AIM OF THE EXERCISE:
Pictures aside, copy exactly each line from the one that holds "BESPORTBLE 3 Set" through the last line of the records below.

RECORDS FOR THE TASK:
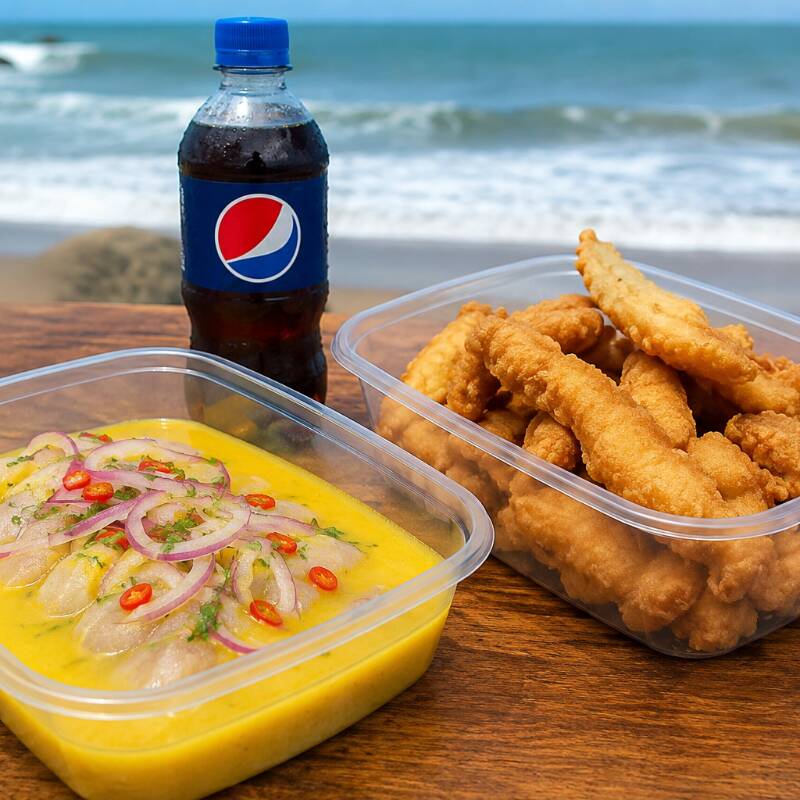 Tiradito+Chicharron de Pescado+Gaseosa300ml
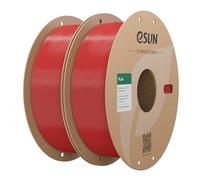 eSUN PL Filament 1.75mm, Enhanced Toughness 3D Printer Filament PLA Plus, Dimensional Accuracy +/- 0.03mm, 1KG per Spool, 2 Spools 3D Printing Filament, Fire Engine Red and Fire Engine Red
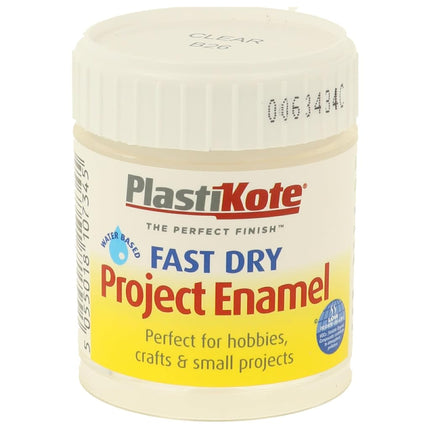 Plasti-Kote B26W 59 ml Enamel Paint Bottle - Clear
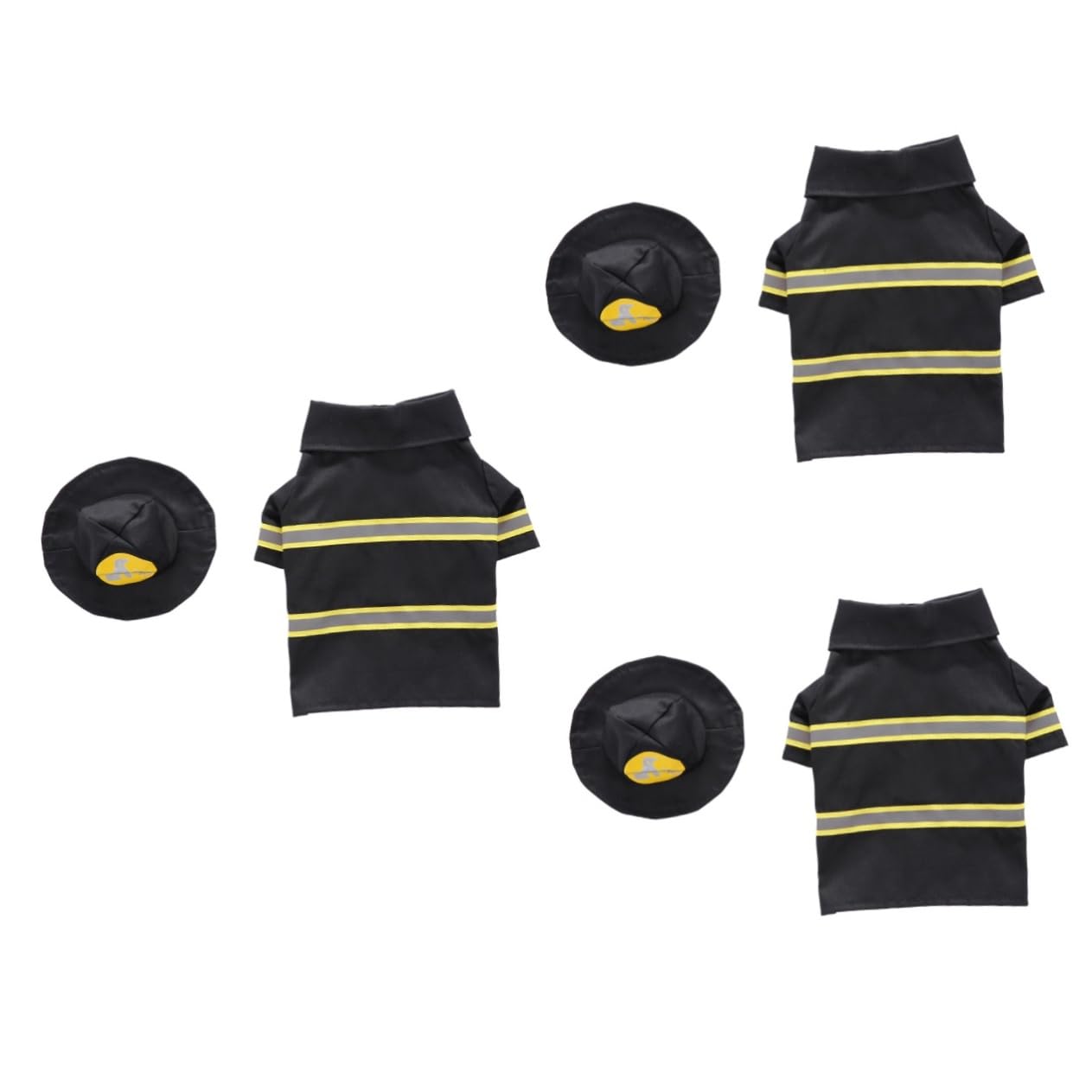 BESPORTBLE 3 Set Di Abbigliamento Per Animali Domestici Uniforme Da Pompiere Costume Da Festa Comodo Per Gatti Cani Cuccioli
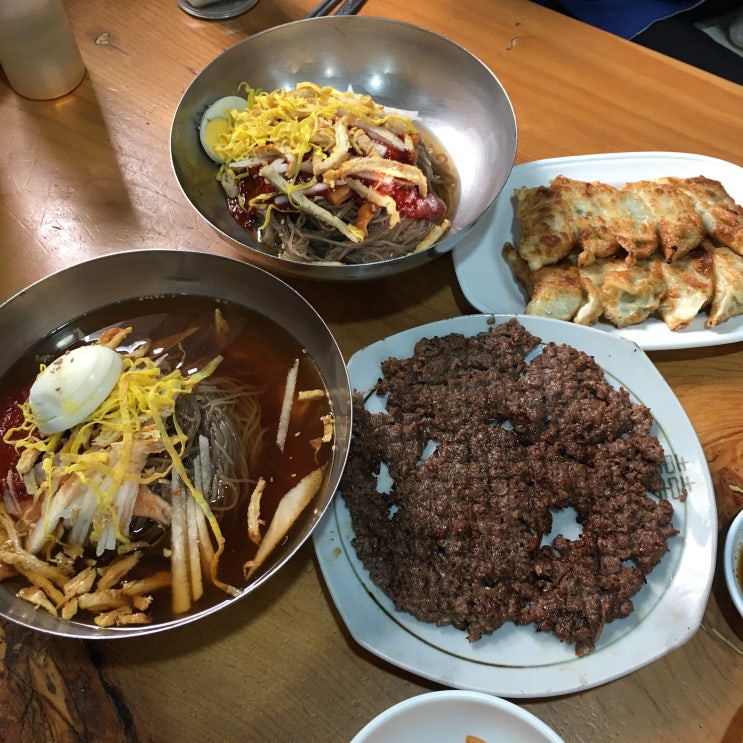  진양호 밀면 진주본점, 석쇠불고기와 만두까지 야무지게 춉춉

EXERCISE OUTPUT:
 BESPORTBLE 3 Set Di Abbigliamento Per Animali Domestici Uniforme Da Pompiere Costume Da Festa Comodo Per Gatti Cani Cuccioli
  진양호 밀면 진주본점, 석쇠불고기와 만두까지 야무지게 춉춉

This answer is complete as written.